The answer, I hope you will agree, is no. The goal of an introductory stats is not to teach ANOVA. It is not to teach t-tests, or regressions, or histograms, or p-values. The goal is to start you on the path towards becoming a skilled data analyst. And in order for you to become a skilled data analyst, you need to be able to do more than ANOVA, more than t-tests, regressions and histograms. You need to be able to think properly about data. You need to be able to learn the more advanced statistical models that I talked about in the last section, and to understand the theory upon which they are based. And you need to have access to software that will let you use those advanced tools. And this is where, in my opinion at least, all that extra time I have spent on the fundamentals pays off. If you understand probability theory, you will find it much easier to switch from frequentist analyses to Bayesian ones.

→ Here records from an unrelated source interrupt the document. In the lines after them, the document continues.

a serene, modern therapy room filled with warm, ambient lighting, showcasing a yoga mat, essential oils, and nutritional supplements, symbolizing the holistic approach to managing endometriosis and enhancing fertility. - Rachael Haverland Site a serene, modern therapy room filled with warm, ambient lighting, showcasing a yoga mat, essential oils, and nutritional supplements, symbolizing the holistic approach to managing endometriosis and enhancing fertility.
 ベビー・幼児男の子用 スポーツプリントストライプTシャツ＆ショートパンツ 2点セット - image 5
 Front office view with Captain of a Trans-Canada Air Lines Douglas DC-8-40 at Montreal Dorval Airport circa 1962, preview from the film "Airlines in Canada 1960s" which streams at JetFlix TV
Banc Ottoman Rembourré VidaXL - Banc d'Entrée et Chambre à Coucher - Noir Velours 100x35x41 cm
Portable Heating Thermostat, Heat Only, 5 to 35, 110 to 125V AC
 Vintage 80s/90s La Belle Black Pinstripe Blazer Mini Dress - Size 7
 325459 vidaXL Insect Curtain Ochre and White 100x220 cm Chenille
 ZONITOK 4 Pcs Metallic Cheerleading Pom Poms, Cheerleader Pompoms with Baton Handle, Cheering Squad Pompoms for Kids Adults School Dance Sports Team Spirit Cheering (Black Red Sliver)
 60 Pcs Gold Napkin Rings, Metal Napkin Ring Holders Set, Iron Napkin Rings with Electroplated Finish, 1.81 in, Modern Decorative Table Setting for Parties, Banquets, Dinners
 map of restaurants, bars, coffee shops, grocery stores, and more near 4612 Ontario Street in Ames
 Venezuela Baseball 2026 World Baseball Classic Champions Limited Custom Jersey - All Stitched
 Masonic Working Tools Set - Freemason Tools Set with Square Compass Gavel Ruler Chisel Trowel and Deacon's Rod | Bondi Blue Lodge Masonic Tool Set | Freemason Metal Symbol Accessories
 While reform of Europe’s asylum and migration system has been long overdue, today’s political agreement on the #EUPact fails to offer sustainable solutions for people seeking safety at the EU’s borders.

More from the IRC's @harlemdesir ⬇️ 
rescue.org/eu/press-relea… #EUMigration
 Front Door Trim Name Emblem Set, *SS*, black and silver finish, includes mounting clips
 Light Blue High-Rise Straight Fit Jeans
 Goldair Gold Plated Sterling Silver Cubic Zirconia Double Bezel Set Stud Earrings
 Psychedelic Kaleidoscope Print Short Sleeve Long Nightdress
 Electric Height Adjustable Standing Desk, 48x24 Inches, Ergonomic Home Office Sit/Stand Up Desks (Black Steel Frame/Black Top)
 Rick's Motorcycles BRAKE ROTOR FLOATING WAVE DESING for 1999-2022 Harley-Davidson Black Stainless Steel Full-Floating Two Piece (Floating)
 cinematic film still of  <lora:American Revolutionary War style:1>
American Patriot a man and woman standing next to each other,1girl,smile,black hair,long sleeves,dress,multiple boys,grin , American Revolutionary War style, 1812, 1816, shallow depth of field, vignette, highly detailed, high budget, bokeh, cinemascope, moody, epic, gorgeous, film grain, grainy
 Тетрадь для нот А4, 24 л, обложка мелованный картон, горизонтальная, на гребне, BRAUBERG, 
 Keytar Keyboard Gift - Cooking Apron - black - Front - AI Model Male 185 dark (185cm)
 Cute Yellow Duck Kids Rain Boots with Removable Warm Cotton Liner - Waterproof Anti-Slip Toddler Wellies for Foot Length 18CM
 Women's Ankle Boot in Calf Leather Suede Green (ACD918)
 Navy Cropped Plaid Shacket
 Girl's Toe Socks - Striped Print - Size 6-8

In short, I think that the big payoff for learning statistics this way is extensibility. For a book that only covers the very basics of data analysis, this book has a massive overhead in terms of learning probability theory and so on. There is a whole lot of other things that it pushes you to learn besides the specific analyses that are covered here. So if your goal had been to learn how to run an ANOVA in the minimum possible time, well, this book was not a good choice. But as I say, I do not think that is your goal. I think you want to learn how to do data analysis. And if that really is your goal, you want to make sure that the skills you learn in your introductory stats class are naturally and cleanly extensible to the more complicated models that you need in real-world data analysis. You want to make sure that you learn to use the same tools that real data analysts use, so that you can learn to do what they do. And so yeah, okay, you are a beginner right now (or you were when you started this book), but that does not mean you should be given a dumbed-down story, a story in which I do not tell you about probability density, or a story where I do not tell you about the nightmare that is factorial ANOVA with unbalanced designs. And it does not mean that you should be given baby toys instead of proper data analysis tools. Beginners are not dumb, they just lack knowledge. What you need is not to have the complexities of real-world data analysis hidden from from you. What you need are the skills and tools that will let you handle those complexities when they inevitably ambush you in the real world.

And what I hope is that this book is able to help you with that.

Author’s note – If you see anything clever sounding in this book that does not seem to have a reference, I can absolutely promise you that the idea was someone else’s. This is an introductory textbook: none of the ideas are original. I will take responsibility for all the errors, but I can not take credit for any of the good stuff. Everything smart in this book came from someone else.